*About this task*. Retype all the records below exactly as they are, with no image carried over.

Working data Start Marker

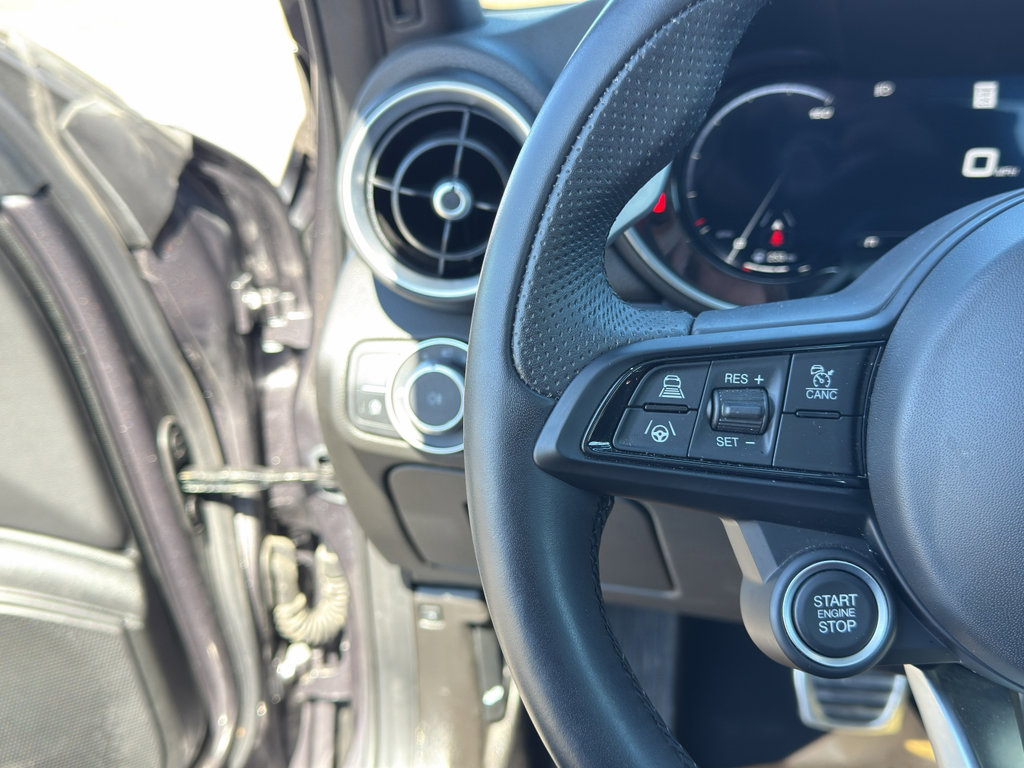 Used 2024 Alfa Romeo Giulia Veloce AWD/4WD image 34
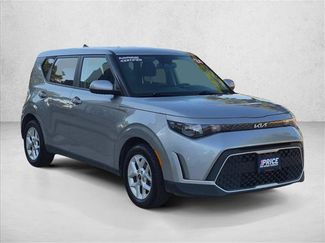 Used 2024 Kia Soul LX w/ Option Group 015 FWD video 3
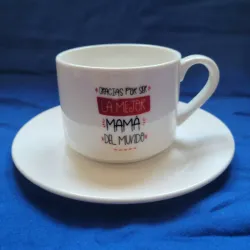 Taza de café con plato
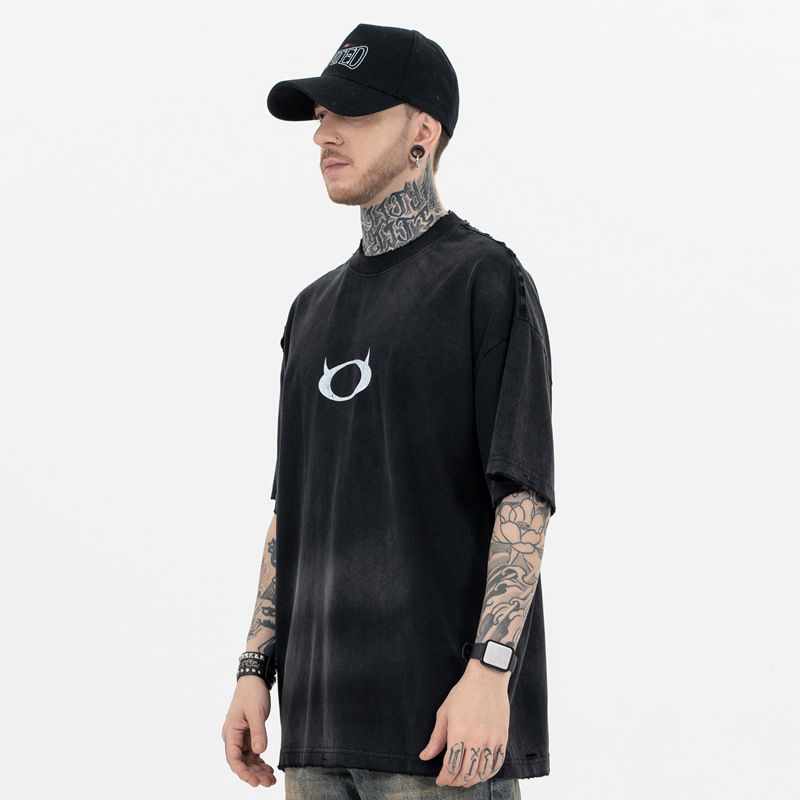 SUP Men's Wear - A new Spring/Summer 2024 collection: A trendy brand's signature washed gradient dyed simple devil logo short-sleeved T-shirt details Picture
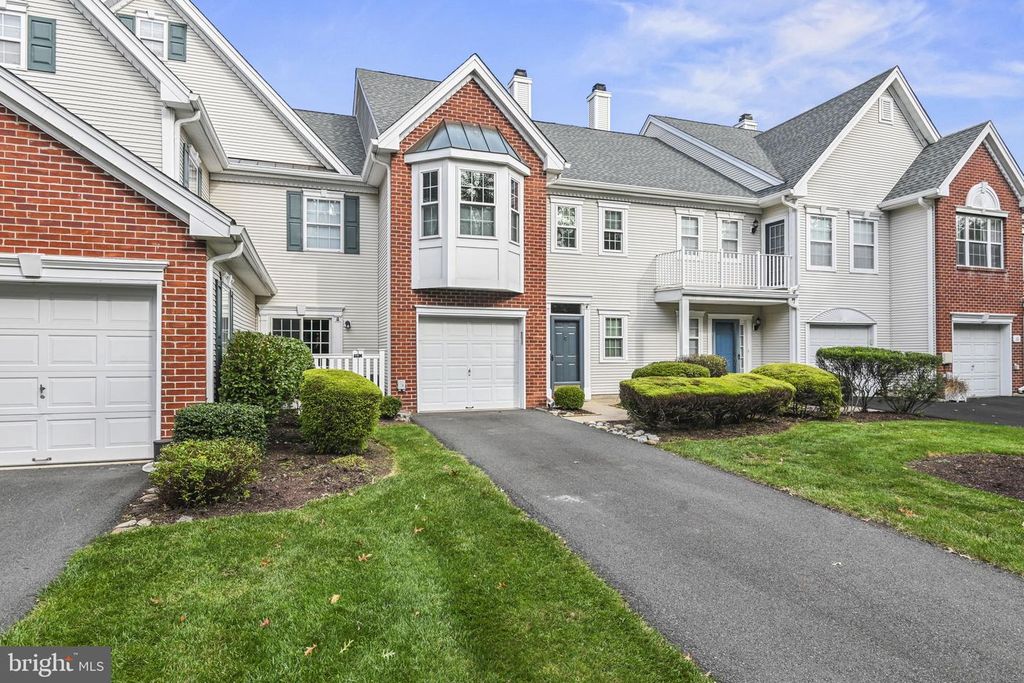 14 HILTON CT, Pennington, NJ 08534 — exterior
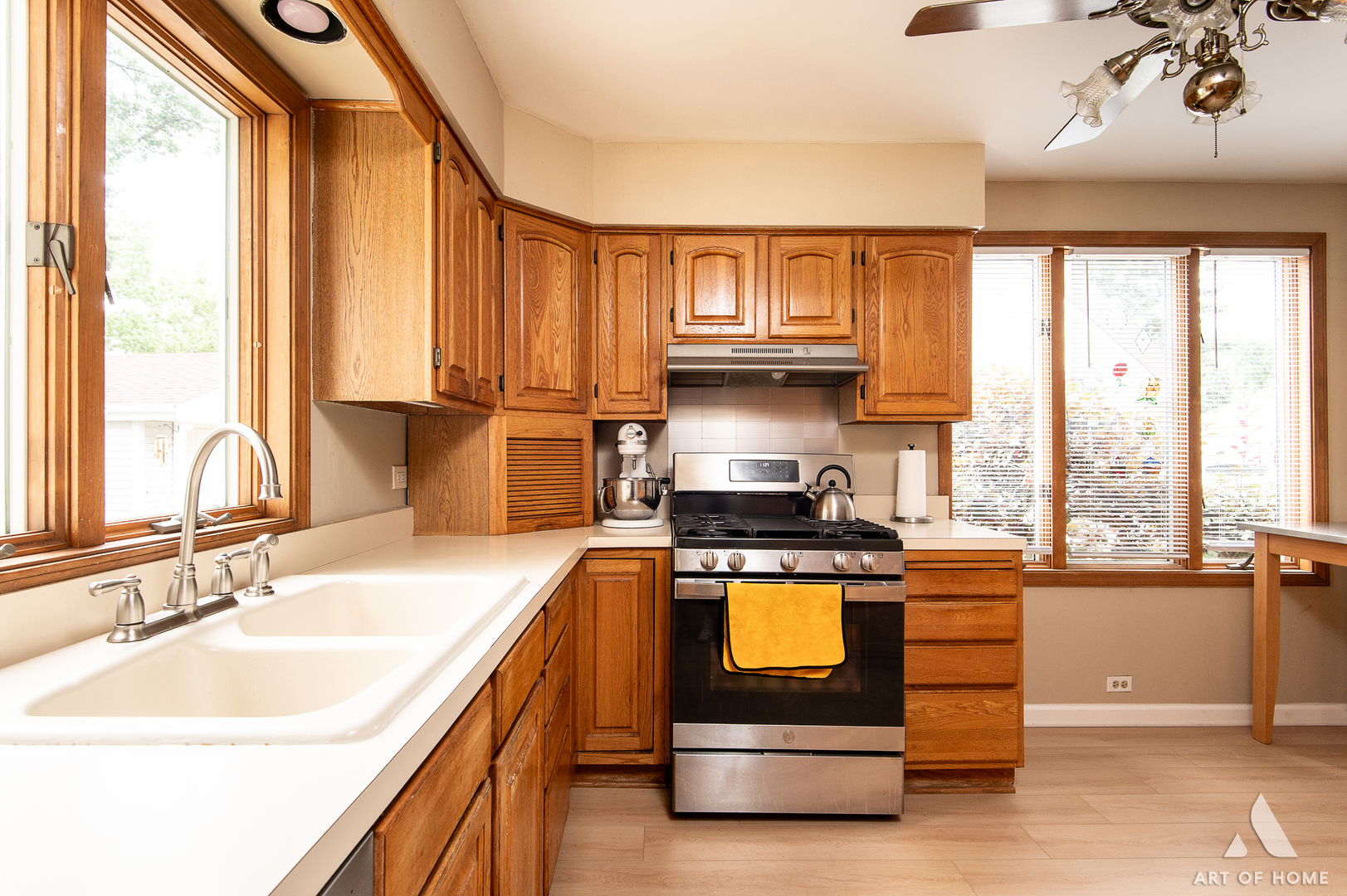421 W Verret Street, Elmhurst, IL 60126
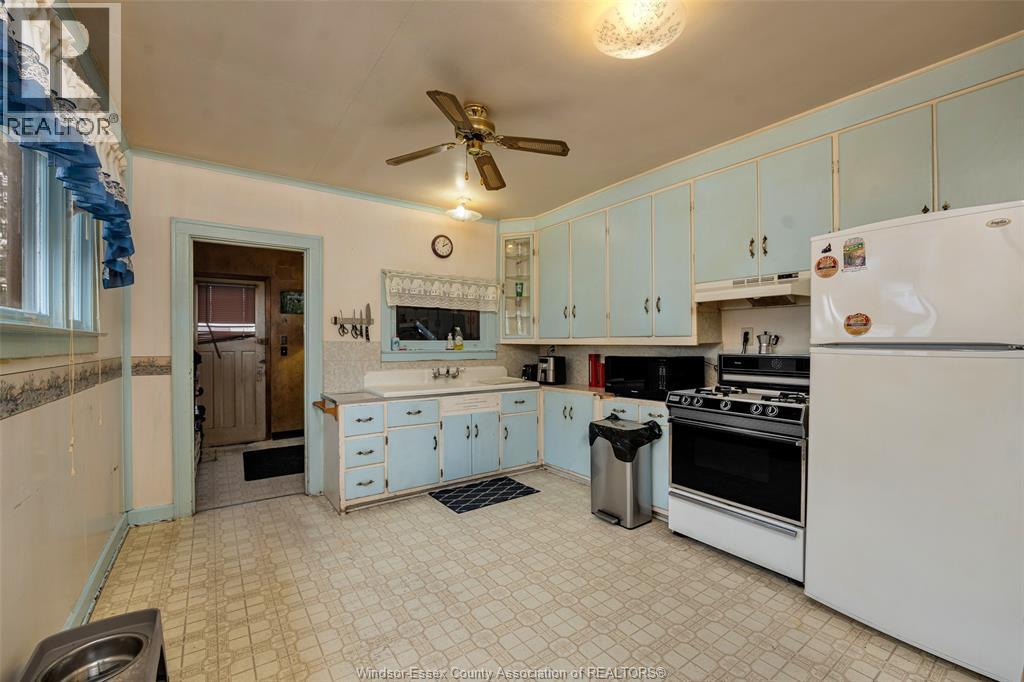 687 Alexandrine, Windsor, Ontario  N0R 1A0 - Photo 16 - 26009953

Working data End Marker

*Your solution*.
 Used 2024 Alfa Romeo Giulia Veloce AWD/4WD image 34
 Used 2024 Kia Soul LX w/ Option Group 015 FWD video 3
 Taza de café con plato
 SUP Men's Wear - A new Spring/Summer 2024 collection: A trendy brand's signature washed gradient dyed simple devil logo short-sleeved T-shirt details Picture
 14 HILTON CT, Pennington, NJ 08534 — exterior
421 W Verret Street, Elmhurst, IL 60126
 687 Alexandrine, Windsor, Ontario  N0R 1A0 - Photo 16 - 26009953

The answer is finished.